▶ PROBLEM REQUIREMENTS
Find the "Black Star Opal" line in the records below and repeat it and every later line exactly, up to the last; do not include pictures.

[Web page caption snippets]
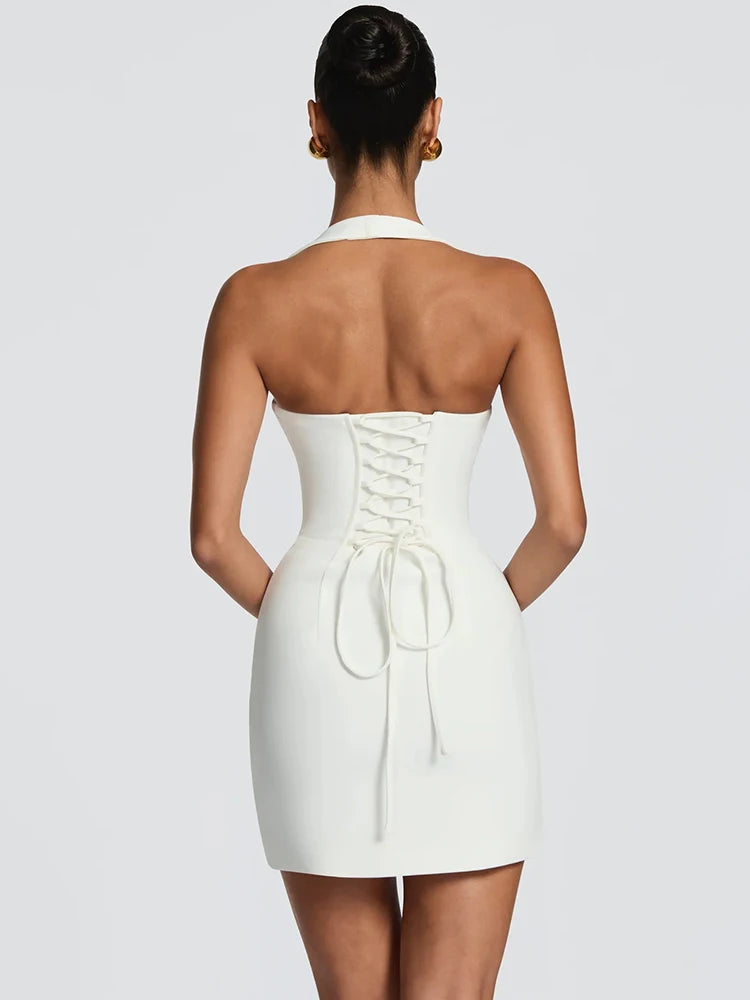 Halter Backless Sexy Mini Dress Women Elegant Sleeveless Back Lace Up Bodycon Club Party Evening Cocktail Dress 2026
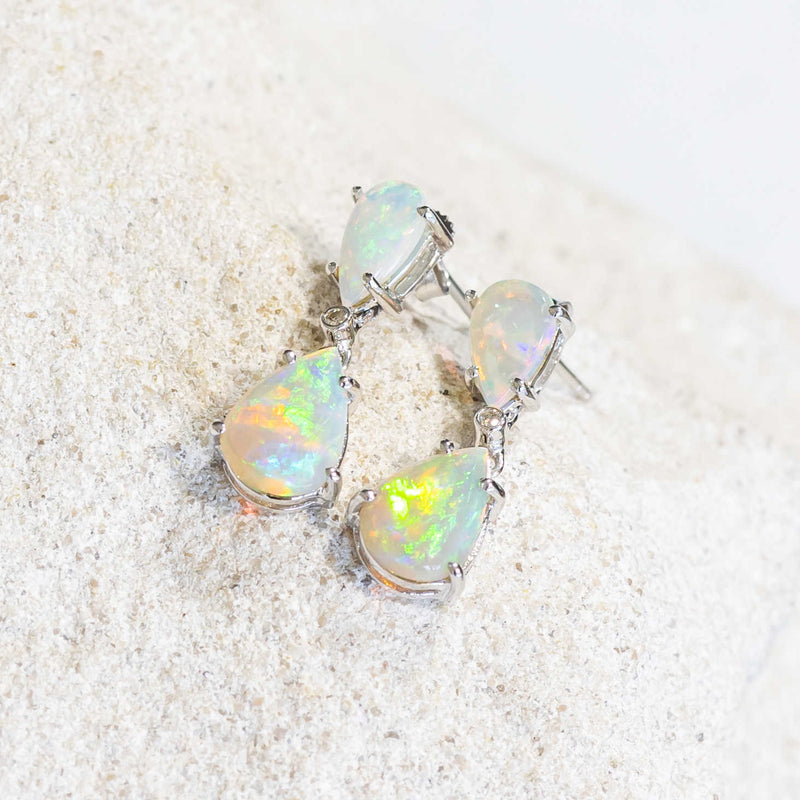 'Elaina' White Gold Australian Crystal Opal Earrings - Black Star Opal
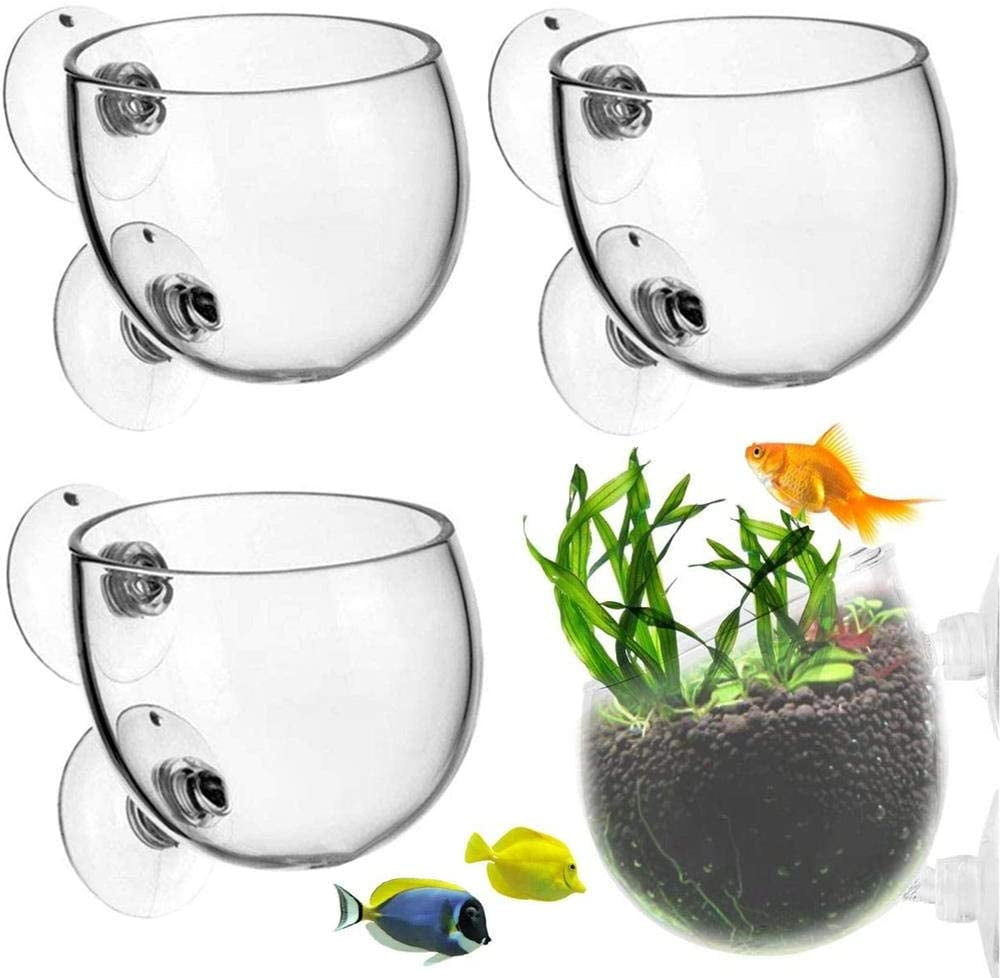 2 Pack Hanging Aquarium Planter Cups - Aquatic Plant Holder For Fish Tank Decor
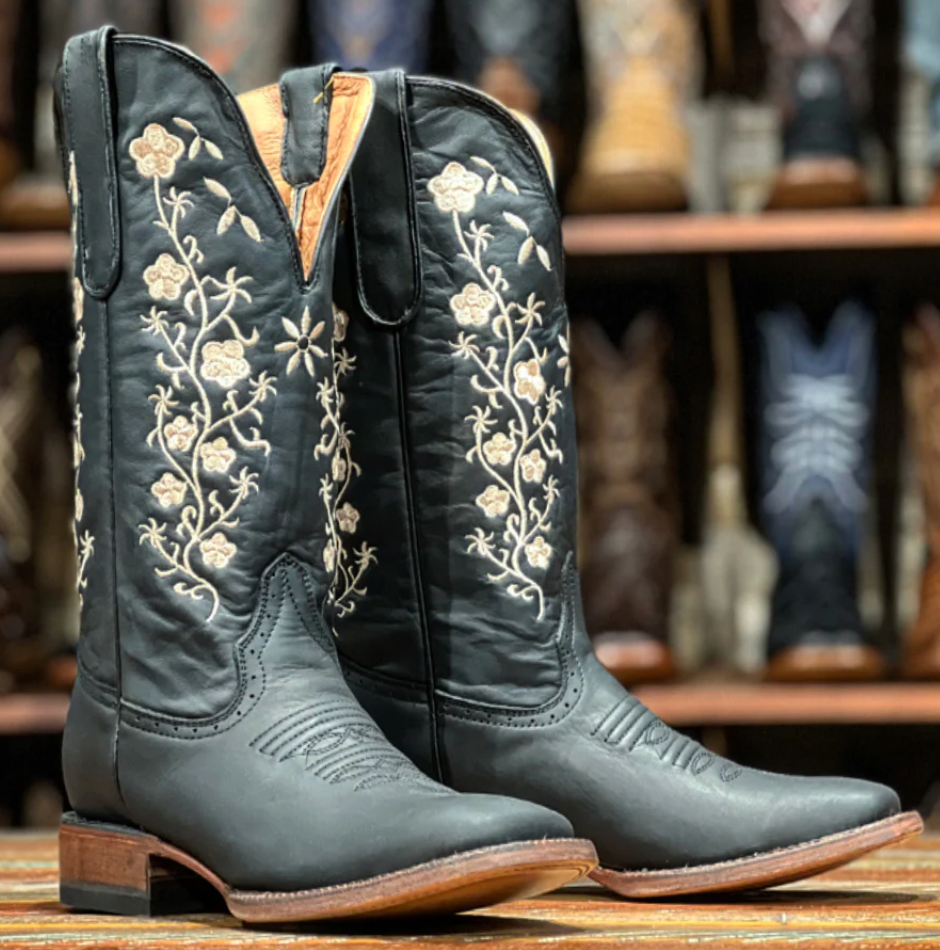 Womens black cowboy 2025 boots square toe
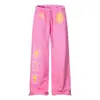 Calça Jogger Casual Estilo Retrô Americano para Mulheres, Calça com Estampa de Marca Tendência, Design High Street, Calça Cool para Homens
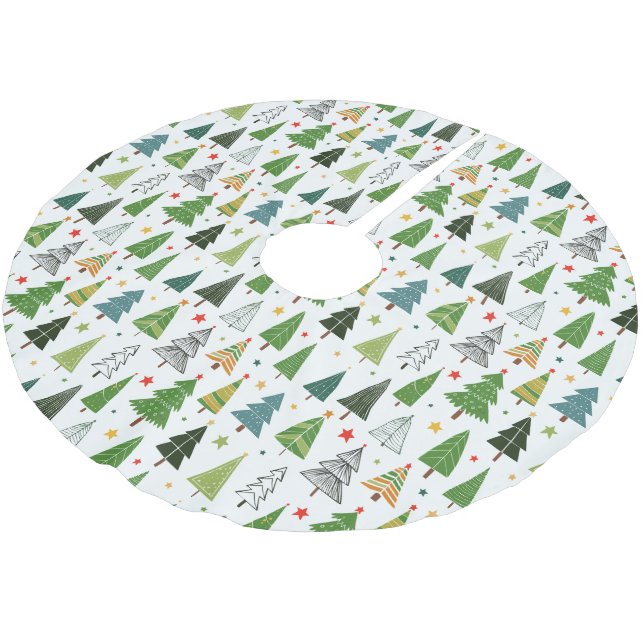 Retro Trees Brushed Polyester Tree Skirt (Angled)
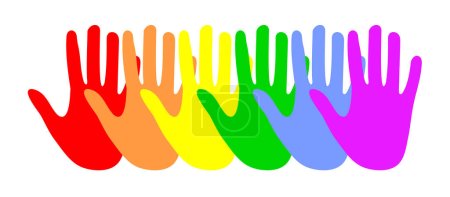 Colorido conjunto de manos de arco iris. Bandera de orgullo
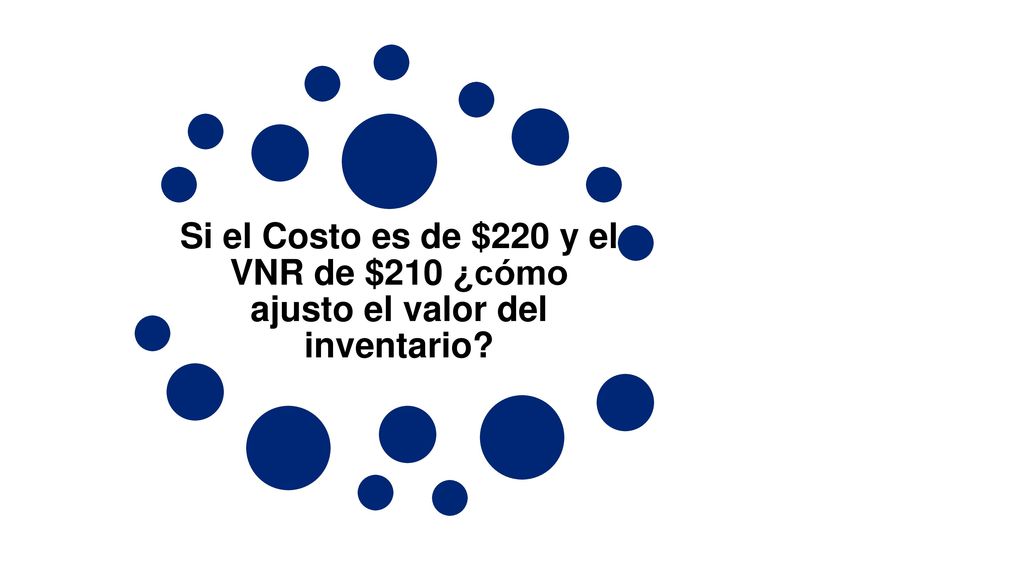 Si el Costo es de $220 y el VNR de $210 ¿cómo ajusto el valor del inventario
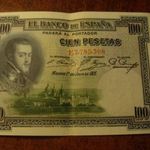 Spanyolország 100 peseta 1925 friss, ropogós papír fotó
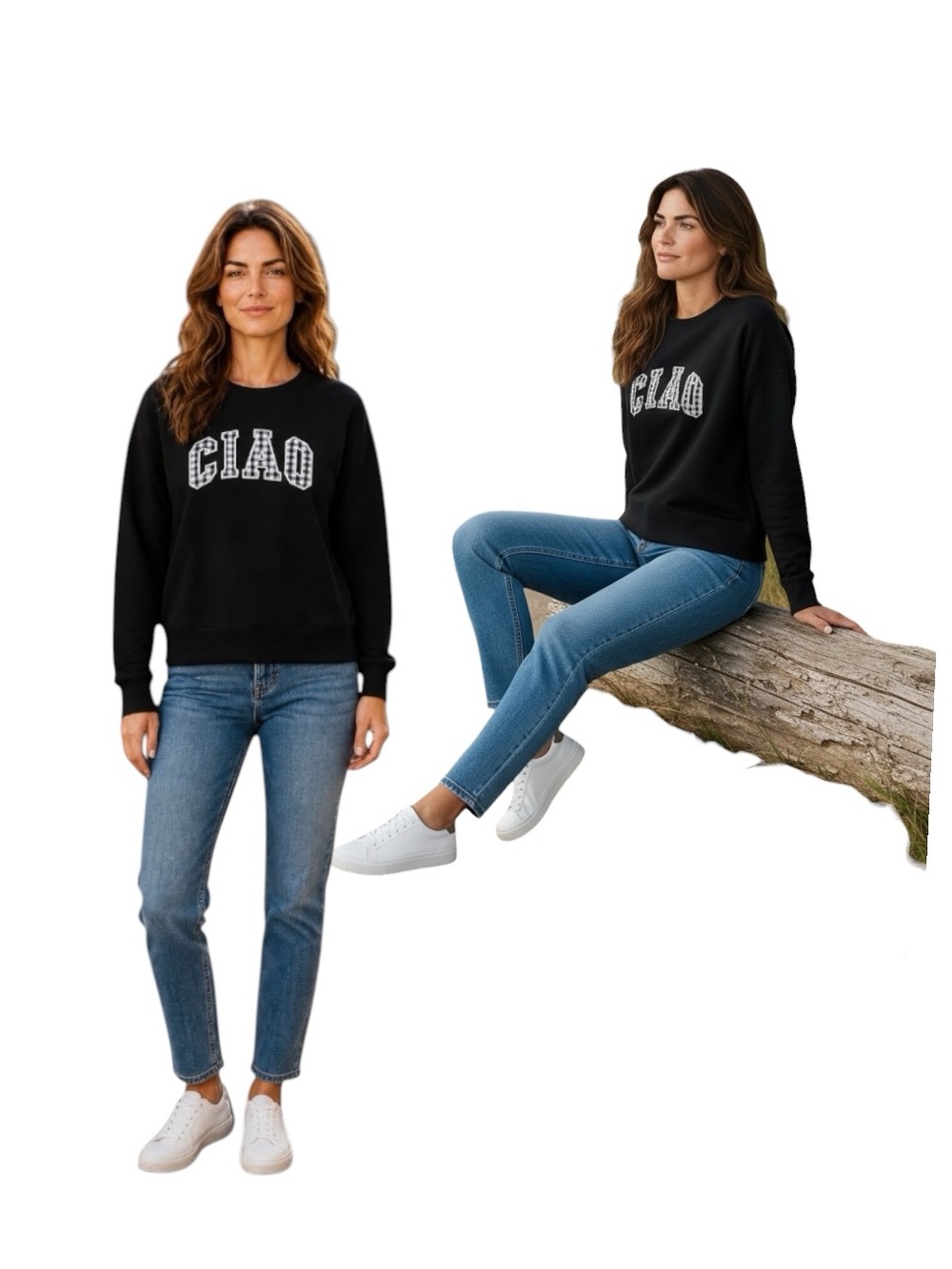 Joyspun French Terry Knit CIAO Black Long Sleeve Lounge Top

▶ RESULT
 'Elaina' White Gold Australian Crystal Opal Earrings - Black Star Opal
 2 Pack Hanging Aquarium Planter Cups - Aquatic Plant Holder For Fish Tank Decor
 Womens black cowboy 2025 boots square toe
 Calça Jogger Casual Estilo Retrô Americano para Mulheres, Calça com Estampa de Marca Tendência, Design High Street, Calça Cool para Homens
 Retro Trees Brushed Polyester Tree Skirt (Angled)
 Colorido conjunto de manos de arco iris. Bandera de orgullo
 Si el Costo es de $220 y el VNR de $210 ¿cómo ajusto el valor del inventario
 Spanyolország 100 peseta 1925 friss, ropogós papír fotó
 Joyspun French Terry Knit CIAO Black Long Sleeve Lounge Top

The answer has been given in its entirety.